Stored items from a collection
■ ■ ■ ■

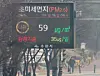 Fine dust levels are displayed on an electronic board on a street in Suwon, Gyeonggi, on Jan. 16. [NEWS1]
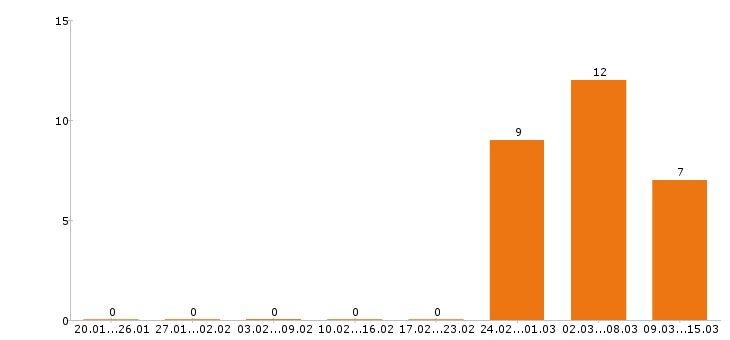 Работа психолог в Иркутске - Число вакансий в Иркутске по специальности психолог за 2 месяца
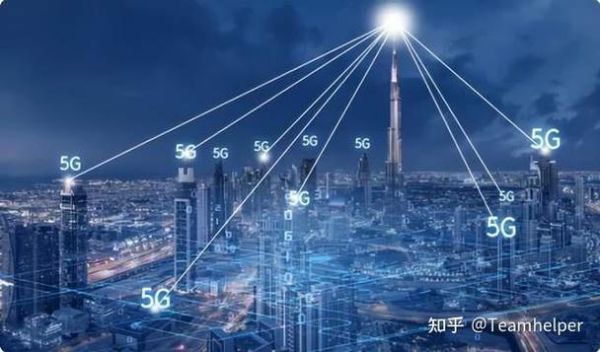 通信服务业未来趋势_通信运营商如何转型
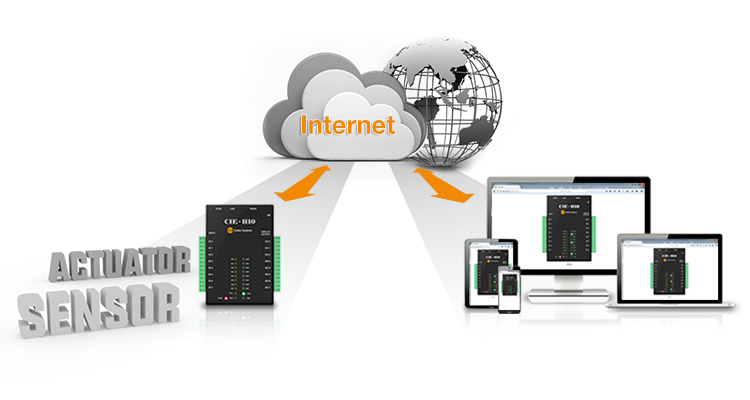 io control via internet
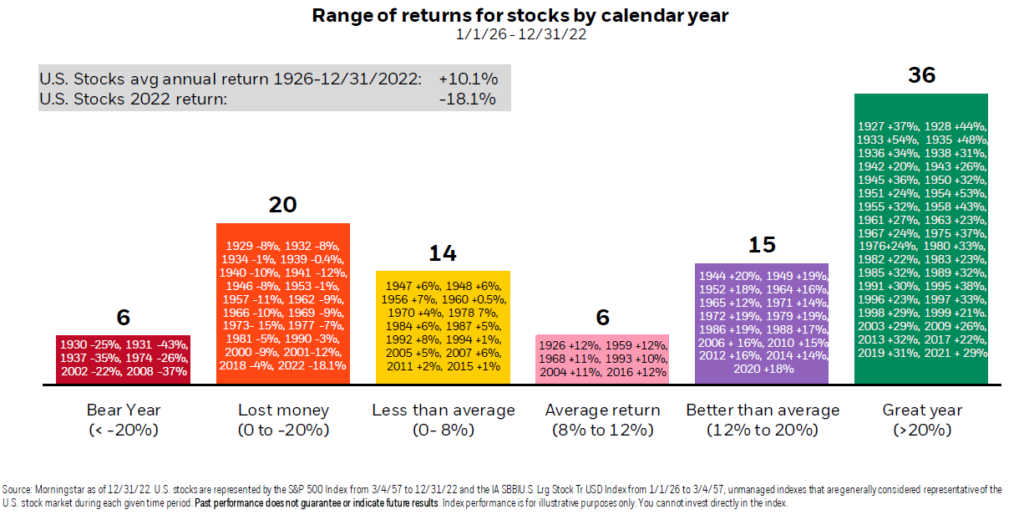 Stock Return Distributions - Calendar Year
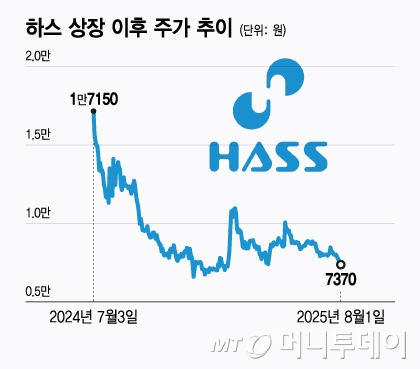 하스, 상장 1년 만에 주가 반토막…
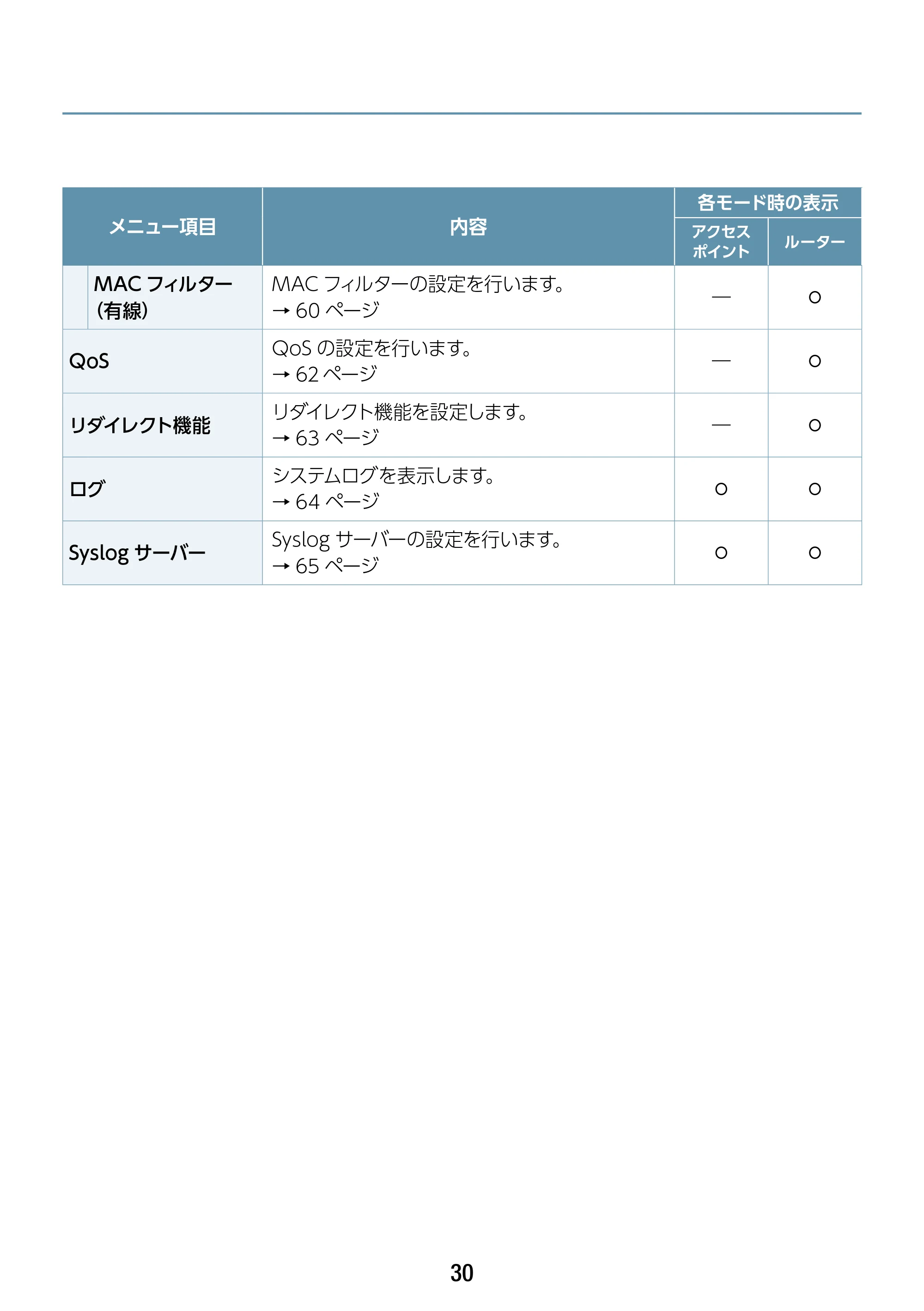 エレコム WAB-S1167IW-PD 2.ユーザーズ・マニュアル — 原本ページ — 30ページ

■ ■ ■ ■

» Aim of the exercise
Print again, word for word, every line from the line with "Работа психолог в" to the final line of the records, inclusive; skip the pictures.

» Solution to this exercise
 Работа психолог в Иркутске - Число вакансий в Иркутске по специальности психолог за 2 месяца
 通信服务业未来趋势_通信运营商如何转型
 io control via internet
 Stock Return Distributions - Calendar Year
 하스, 상장 1년 만에 주가 반토막…
 エレコム WAB-S1167IW-PD 2.ユーザーズ・マニュアル — 原本ページ — 30ページ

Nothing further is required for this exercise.